Duration: October 2023 - September 2026
Hosted by: Department of Mathematics, London School of Economics and Political Science
Principal Investigator: Ahmad Abdi
The aims of the project are to tackle two important and intimately linked unsolved problems in Combinatorial Optimisation, each conjecturing a min-max relation.
The first of these is known as Woodall's Conjecture (Woodall 1978). One can think of a digraph as a network of one-way roads in a city; it is strongly connected if one can drive from any location to any other one. To guarantee this requirement, the council may enable two-way traffic in certain roads, but would like to do so on the fewest possible roads. After this optimisation problem was addressed in an influential min-max theorem by Lucchesi and Younger (1978), Woodall proposed the natural "dual" variant. It conjectures that in any digraph, the minimum size of a dijoin is equal to the maximum number of disjoint dicuts. The conjecture remains unresolved despite significant interest, and efforts to tackle it have led to some crucial developments in the broader area.

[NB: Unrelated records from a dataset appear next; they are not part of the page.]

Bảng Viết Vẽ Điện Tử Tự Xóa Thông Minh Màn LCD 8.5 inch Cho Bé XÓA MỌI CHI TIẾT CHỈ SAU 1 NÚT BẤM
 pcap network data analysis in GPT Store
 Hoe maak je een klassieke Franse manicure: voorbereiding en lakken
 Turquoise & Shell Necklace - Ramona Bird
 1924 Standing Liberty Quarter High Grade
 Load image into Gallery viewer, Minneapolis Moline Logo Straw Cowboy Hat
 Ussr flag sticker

The second unsolved problem is the Generalised Berge-Fulkerson Conjecture (GBFC), posed by Seymour in 1979. The origins of the conjecture come from the famous Four-Colour Problem: Given a map of regions, known formally as a planar graph, are four colours sufficient to colour the regions such that any two regions sharing a border are assigned different colours? After this question was answered affirmatively (Appel and Haken 1977), GBFC arose as a natural extension to all graphs. Vaguely speaking, the conjecture states that in an r-graph, twice the minimum degree is equal to the maximum number of perfect matchings such that every edge is used exactly twice. The study of this conjecture has shaped the topic of Matching Theory (see Lovasz 1987), important in the subject area of Graph Theory. The conjecture is also intimately linked to the Chinese Postman Problem and the famous Travelling Salesman Problem.